WHAT TO DO ->
Would you transcribe the listing that follows, character for character, and omit its images?

GIVEN INFORMATION ->
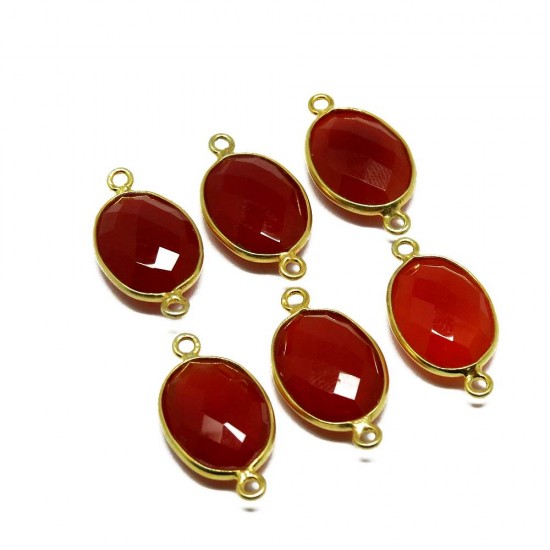 Natural Gemstone !! Carnelian Gemstone Silver Jewelry Gold Plated Connectors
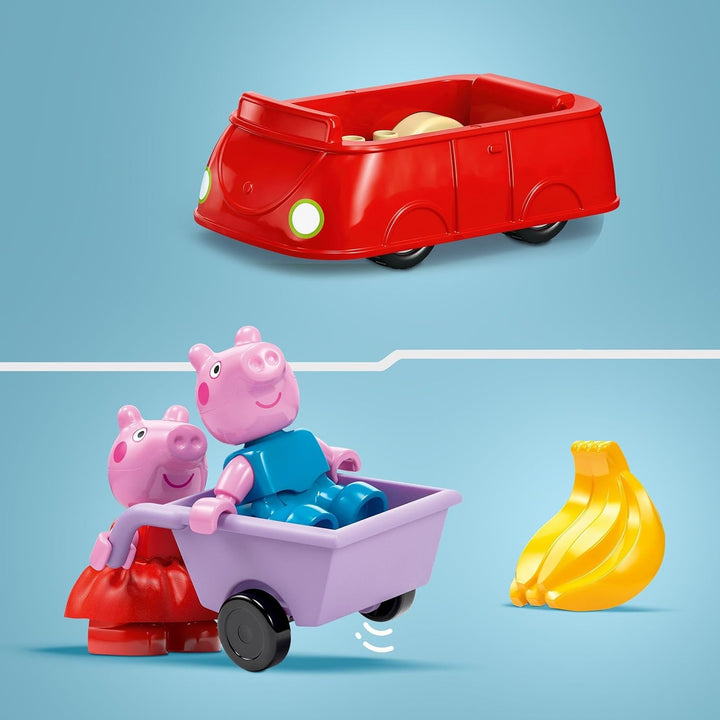 LEGO DUPLO 10434 Supermarketul lui Peppa: jucărie educațională creativă și set de joacă, cadou pentru băieți și fete de la 2 ani, încurajează dexteritatea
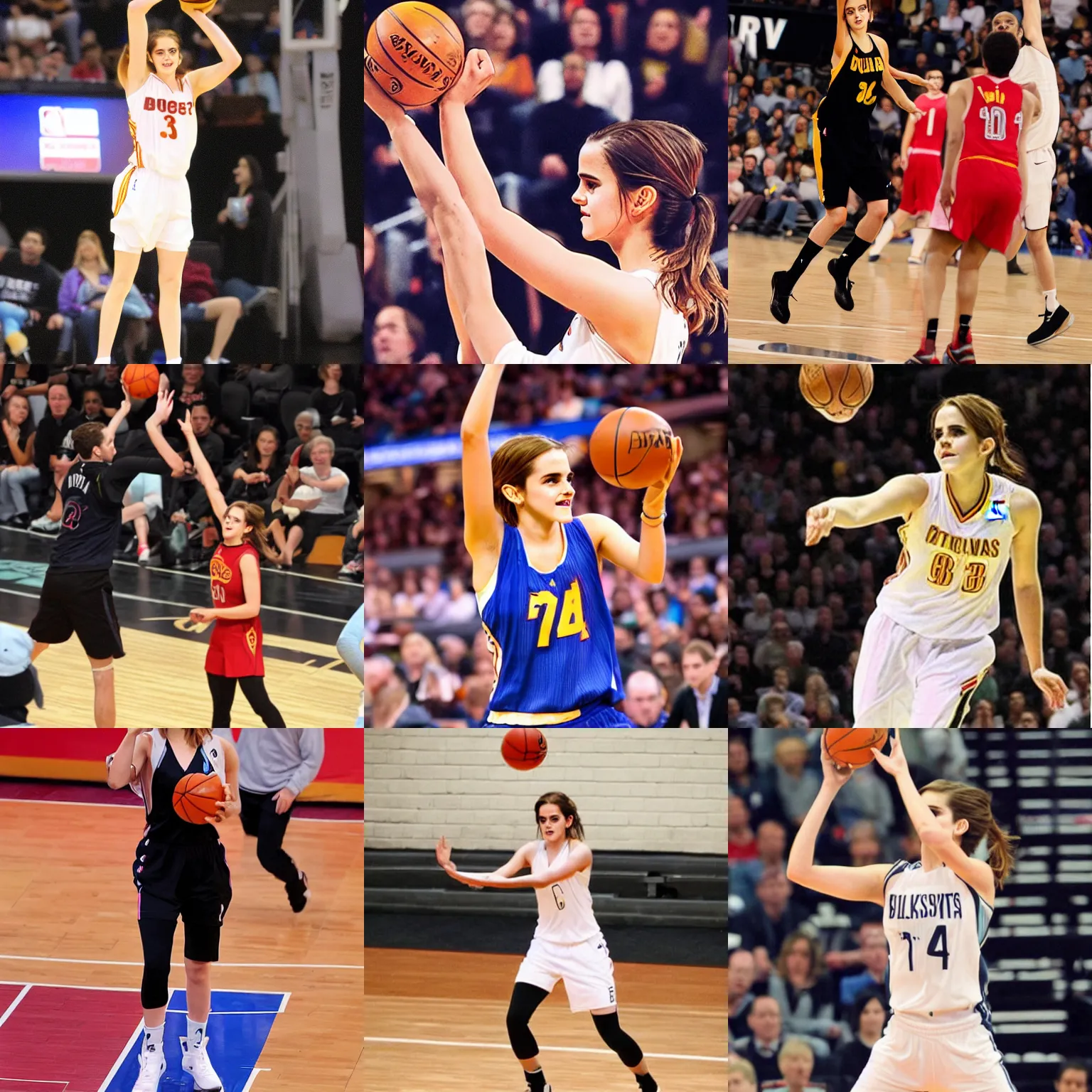 Prompt: Emma Watson as a tall NBA player, throwing a ball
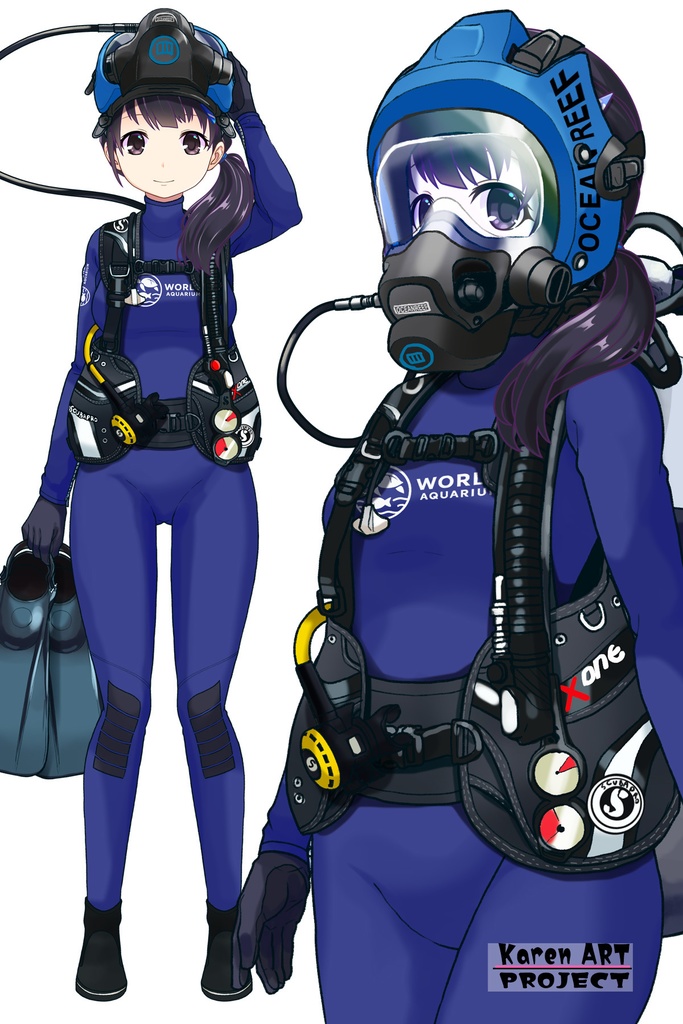 ゆりちゃん+マリンガールのダイビング装備 Blue Version【水族館のスタッフ05】斜め前アングル Yuri is wearing Aquarium Marine Girl Equipment Blue Version【Marine Girl05】Diagonal front angle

RESPONSE TO THIS EXERCISE ->
 Natural Gemstone !! Carnelian Gemstone Silver Jewelry Gold Plated Connectors
 LEGO DUPLO 10434 Supermarketul lui Peppa: jucărie educațională creativă și set de joacă, cadou pentru băieți și fete de la 2 ani, încurajează dexteritatea
 Prompt: Emma Watson as a tall NBA player, throwing a ball
 ゆりちゃん+マリンガールのダイビング装備 Blue Version【水族館のスタッフ05】斜め前アングル Yuri is wearing Aquarium Marine Girl Equipment Blue Version【Marine Girl05】Diagonal front angle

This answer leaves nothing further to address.